Chaos engineering is a growing phenomenon. The idea is to introduce chaos into your systems to test how they deal with failure. Simulating failure is the optimal way to learn how to protect your system. The modern conception of chaos engineering started with Netflix and their Simian Army. The Simian Army introduced too much chaos though, which negatively impacted customers. Thus, Failure as a Service was introduced to a wider audience, in a much more controlled manner.
I was lucky enough to speak with Gremlin’s site reliability engineer, Tammy Butow, to learn more about chaos engineering.
What benefits can chaos engineering bring to DevOps/DevSecOps?
I believe the primary benefit of Chaos Engineering is that it enables you to build more resilient systems, upskill your team and retain/acquire customers.

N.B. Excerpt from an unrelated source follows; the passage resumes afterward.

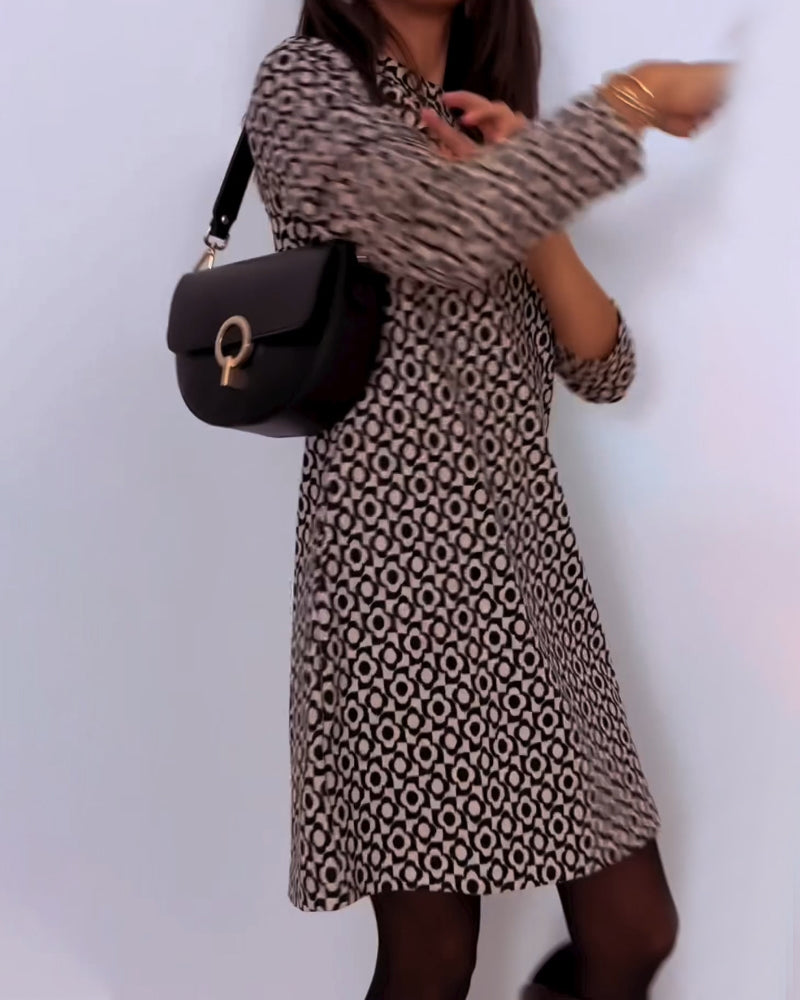 Robe au style décontracté et à manches longues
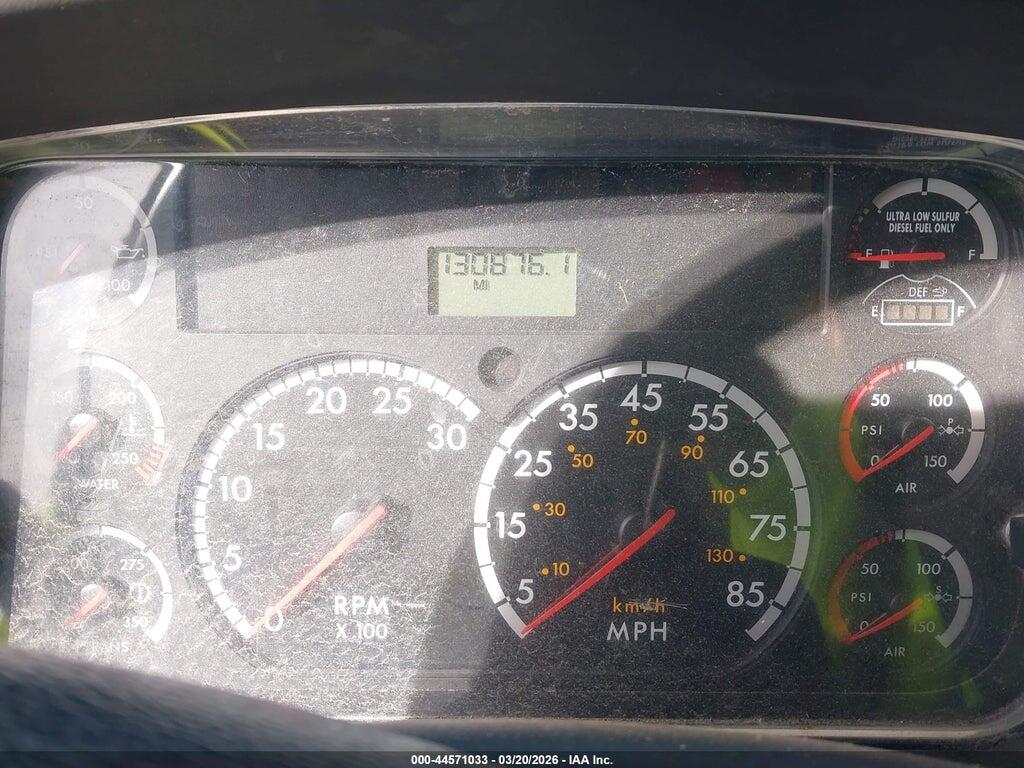1FVACXDT1DHBZ4447 2013 FREIGHTLINER M2 photo no. 5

As we move into the future reliability and resiliency becomes even more important than it was in the past. There are many industries that would greatly benefit from Chaos Engineering because having a reliable product is at the core of their business; Technology, Transport, Retail, Construction, Finance, Health, Education, Government and many more.
When I think back to 2008 I didn’t expect to be able to have access to all of my airline information on my phone and get real-time updates on the status of my flights. 2018 is a completely different world. I now expect to be able to book an emergency flight home from wherever I am in the world to Australia within 3 hours of the flight time and get to where I need to go with no hassles. Customers need and expect reliable and resilient systems. If your business isn’t working as well as someone else’s business then you will lose customers, but if your business is more reliable than your competitors you will acquire customers.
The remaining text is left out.